START EXERCISE MATERIALS

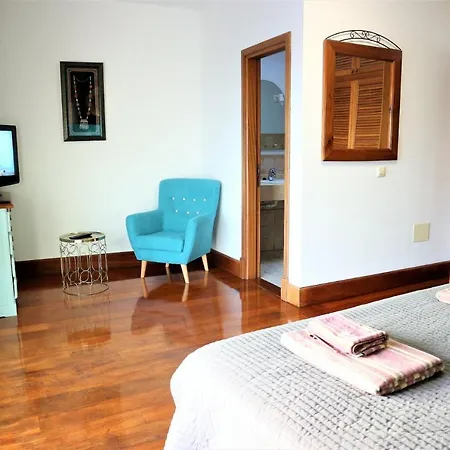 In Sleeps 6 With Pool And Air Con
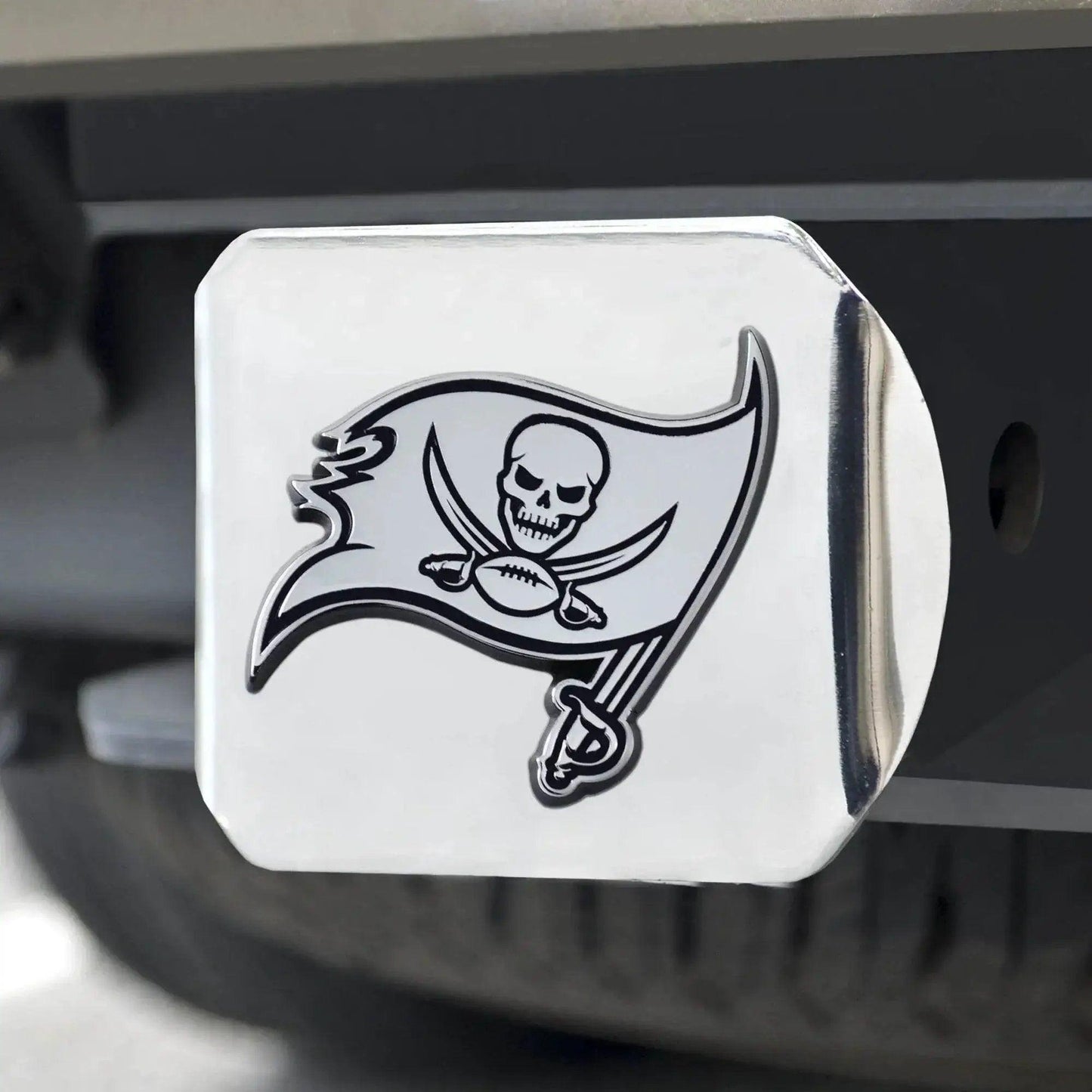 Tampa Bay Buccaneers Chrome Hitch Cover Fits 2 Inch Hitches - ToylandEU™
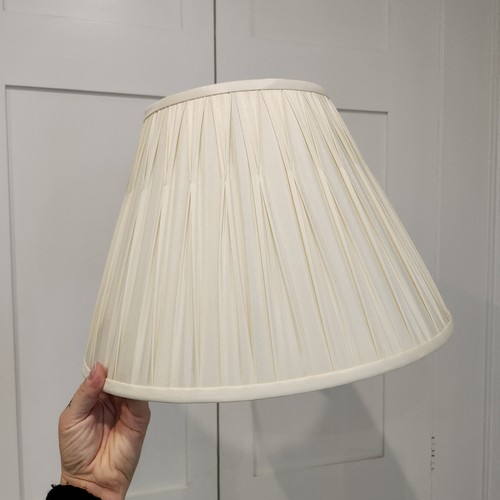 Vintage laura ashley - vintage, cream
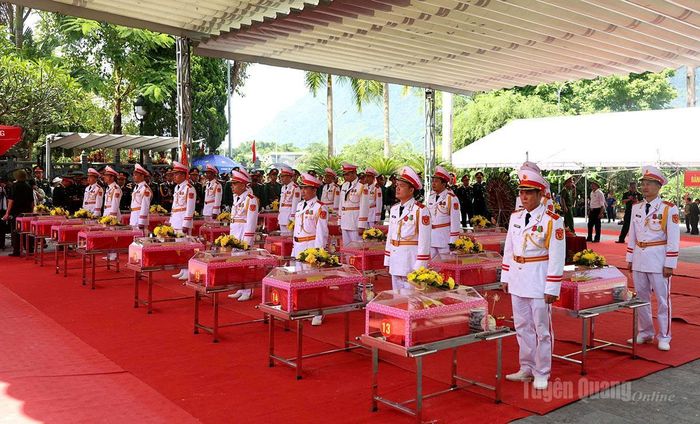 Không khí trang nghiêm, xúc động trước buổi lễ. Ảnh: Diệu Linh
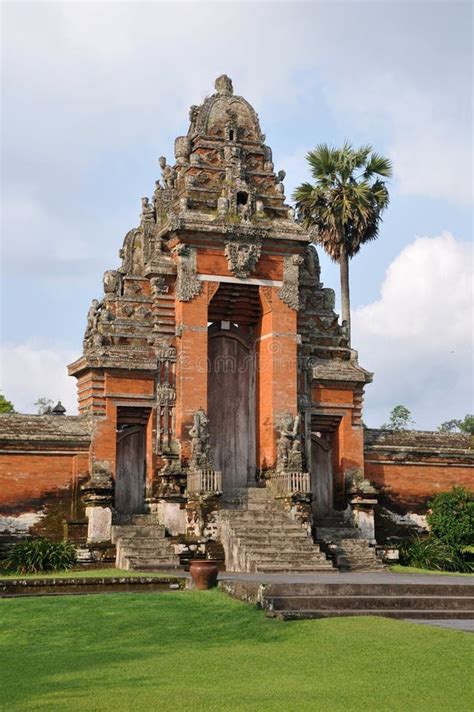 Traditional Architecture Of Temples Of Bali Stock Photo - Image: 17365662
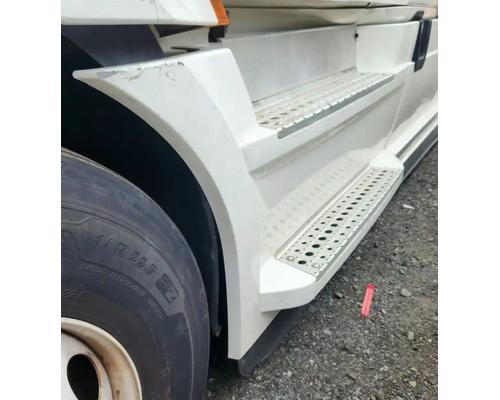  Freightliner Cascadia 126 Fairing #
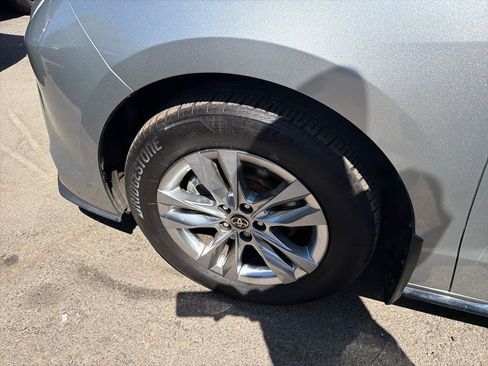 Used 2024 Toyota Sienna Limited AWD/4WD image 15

END EXERCISE MATERIALS

## PROBLEM
What is needed here is an exact copy of every record, with the pictures left out.

## RESPONSE TO THIS TASK
 In Sleeps 6 With Pool And Air Con
 Tampa Bay Buccaneers Chrome Hitch Cover Fits 2 Inch Hitches - ToylandEU™
 Vintage laura ashley - vintage, cream
 Không khí trang nghiêm, xúc động trước buổi lễ. Ảnh: Diệu Linh
 Traditional Architecture Of Temples Of Bali Stock Photo - Image: 17365662
  Freightliner Cascadia 126 Fairing #
 Used 2024 Toyota Sienna Limited AWD/4WD image 15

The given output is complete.